The Hispanic Majority Ideal
“These statistics are appropriate to our geographic location. San Antonio, being very close to Mexico, is primarily Hispanic.”

— Veronica Salvio, junior biochemistry major

“You don’t really see it (The Hispanic majority), but you feel it,”

— Amari Cunningham, Freshman communications major

“Though it’s a bit more diverse than the other campuses I’ve been to (Texas State and UT Rio Grande), in a way (UTSA) is predominately Hispanic; a lot of people speak Spanish here.” He continues, “As I’m working, I see a mix of races, but a lot of them look Hispanic.”

— Joel Ortiz, UTSA student / JPL Chick-fil-a employee

“I understand that we’re a predominately Hispanic Institution, even with veterans.” He goes on to say, “However, there is a good representation of ethnic groups on campus. We don’t discriminate against any organizations encourage a lot of students to create new organizations.”

“We like to embrace differences and like to find the common ground between groups.” He adds “I think it is a pretty cohesive campus and there’s obviously more we can do with student engagement.”

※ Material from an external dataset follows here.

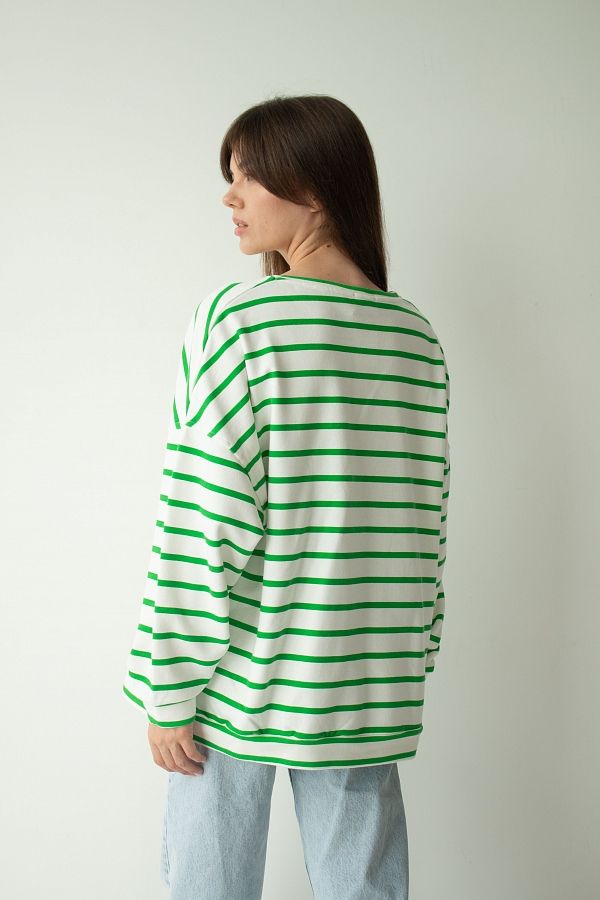 Світшот у смужку зелений CR-80950/2 #RU# Свитшоты CR-80950/2 № 4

— Jaswanth Kintada, SGA Student Body Treasurer

Diversity! Diversity! Diversity! – The Counter Argument
“Our campus is more diverse than the average (college) campus.” He said firmly. Responding to the statistic of UTSA having a 48.4 percent Hispanic population. He disagrees, “I actually don’t think it’s Hispanic dominated, when I came (to UTSA) as a freshman in 2013, I saw a lot of other races other than Hispanic!” He exclaims. “It’s a good thing that there is a lot of diversity, but we like unity.” Edward adds, “I don’t like putting all the diversity together…because there is so much diversity everyone hangs out in their own cliques of their own races.”

— Edward Miranda, the President of Roadrunner Productions

“I embrace diversity. I see a lot of diversity on campus. There’s a lot of different organizations that have cultural events such as the Muslim Student Association, the Filipino Student Association, and the Black Student Union. I think that encourages diversity and helps people embrace their culture. It is also a way to meet other people like you and make friends.”

— Roshni Sapru, freshman business major

“There are so many international students and more of a diversity of young people getting their degree in this generation which is great.” Maria had completed her BBA at a University in San Antonio approximately 15 year prior and confides, “I’ll be honest, it wasn’t as diverse then.” She continues, “I would say since San Antonio is a predominately Hispanic city, it makes sense that UTSA is more Hispanic. There is more of a stress on the importance of getting an education now…The commuters are all native to San Antonio and often they don’t hang around after their classes, or come to eat or study on campus because they go back home.”

— Maria Dolores Flores, a cashier in the John Peace Library food court

diversity graph

The Takeaway

So what does all of this mean? Clearly the statistics show that UTSA has a very high Hispanic population. But according to the majority of the students, it doesn’t seem that way at all. Yes, the numbers of Hispanic students are high, but as most of them live in San Antonio they spend very little time on campus, whereas most of the international students, hence the diversity, live on campus and are more visible. College campuses have definitely become a lot more diverse in the last decade according to the U.S Department of Education with the number of Hispanics and Latinos increasing from 1.8 million to 2.9 million. Statistics have shown that compared to the average college campus, UTSA is more diverse, just as students predicted. For example the University of Michigan’s demography is 4.6 percent Hispanic, 56.2 percent White Non-Hispanic, 4.1 percent Black Non-Hispanic and 11.2 percent Asian. This puts the demography of our university in a new perspective, where it can be appreciated.